In our case as well, the tag that the payload received from the traditional classifier/s, shall be considered by the decision logic, in addition to the machine-learning component output, disregarding the fact that the machine-learning component may have based its output also on that tag, for its evolution may be too slow (as shown by the BitDam whitepaper).
When the decision logic receives payload that is tagged as “likely malicious by traditional method A”, it may decide to block the payload regardless of what the machine-learning component thinks, or it may decide to block it unless the machine-learning component reports that the payload is benign with beyond 90% certainty.

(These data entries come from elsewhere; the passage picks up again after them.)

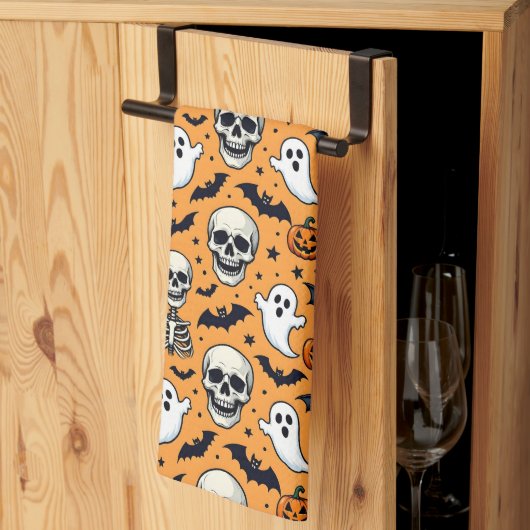 Süßes Halloween-Muster Geschirrtuch (Drittel gefaltet)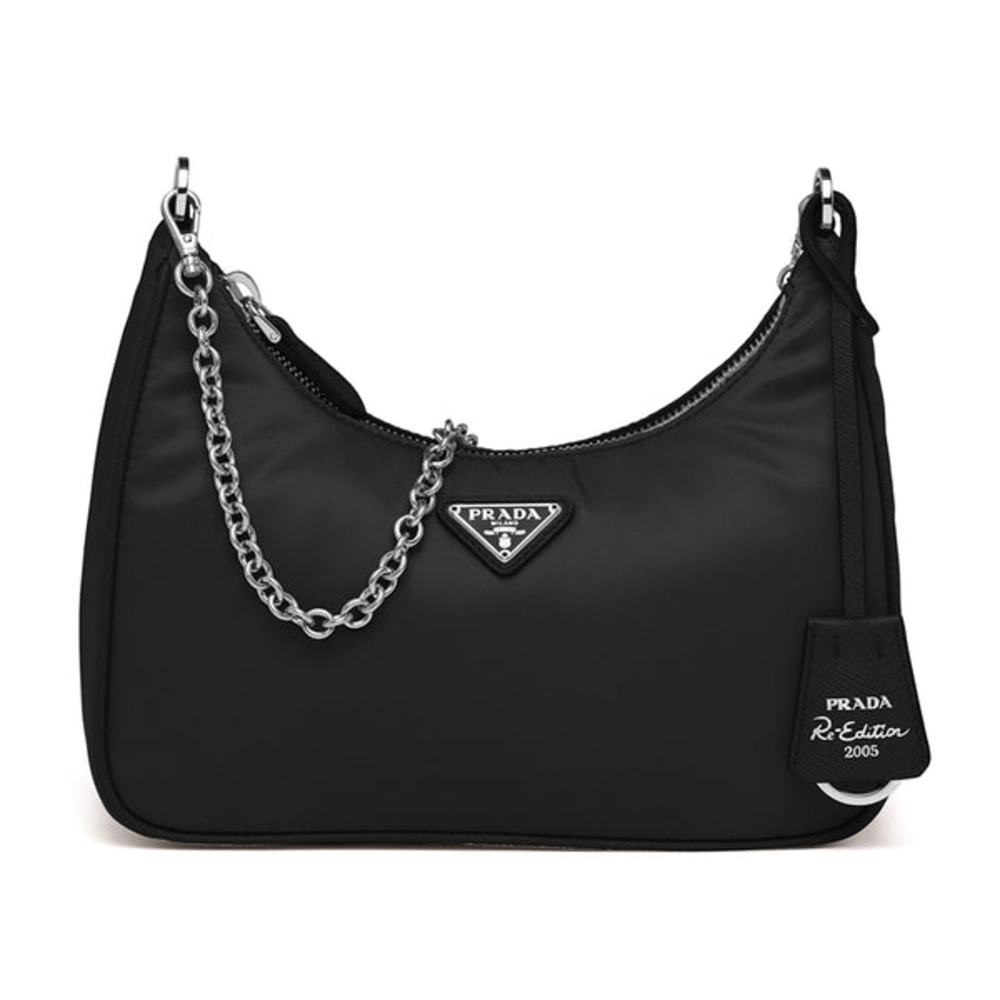 Prada Black Re-edition Bag with Chain Strap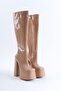 Women's Below-The-Knee High Heel Platform Boots Juvily Nude Patent Leather - 2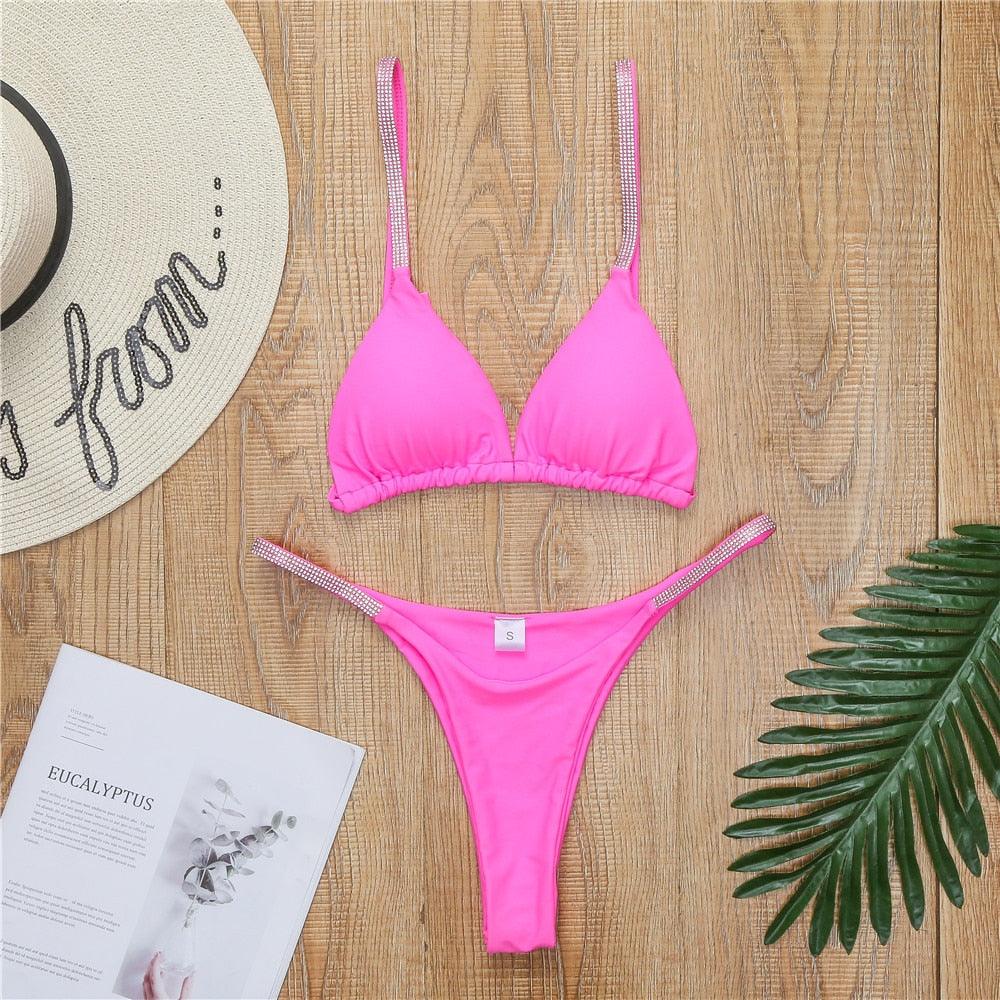 Swimwear Women Micro Bikini  Solid  Black G-String Swimsuits Bathers Bathing Suit 2 Piece Set  Bikinis For Women  Bathing Suit Women's Two-Piece Swimwear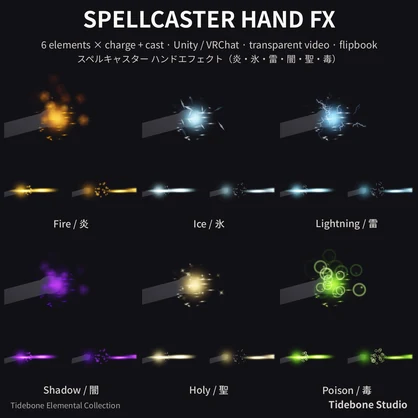 Spellcaster Hand FX – 6 elements (Fire/Ice/Lightning/Shadow/Holy/Poison) | Tidebone Studio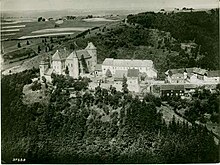 Schrägaufnahme der Burg Wildenburg in der Eifel, Hansa Luftbild, 1932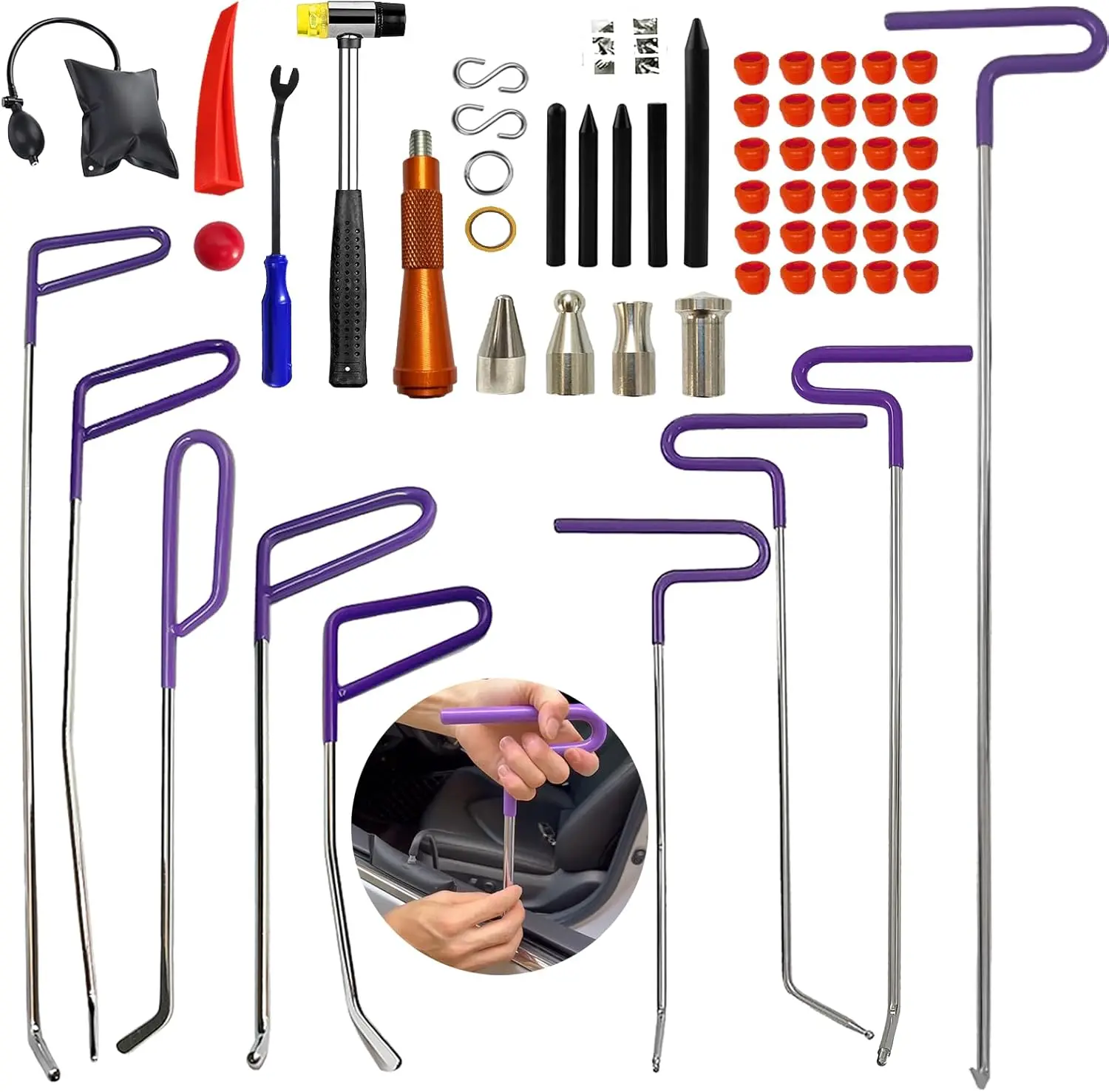 59pcs Paintless Dent Repair Tools Kit with Knock Down Pens, Soft Caps, Wedge for Car Body Hail Damage Removal
59pcs Paintless Dent Repair Tools Kit with Knock Down Pens, Soft Caps, Wedge for Car Body Hail Damage Removal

This way we can attempt at optimizing the false-positive and false-negative ratios intelligently, while also overcoming the limitation of machine-learning models.
As the system runs, the machine-learning component will improve its models. As it improves, it becomes increasingly tempting to have the decision logic consider only inputs from AI. But learning is forever gradual, and the attacker is not acting at random but will always be attempting tricks believed to be slightly past the point to which machine-learning got. Our only way of maintaining an edge over the creative attacker is by combining machine learning with other techniques, and our only way of combining them effectively is by tagging data not only to be included in the machine-learning model, but also to be directly considered by the decision logic. This could be a safe way to overcome the ever-moving ever-existent security gap caused by AI model imperfection.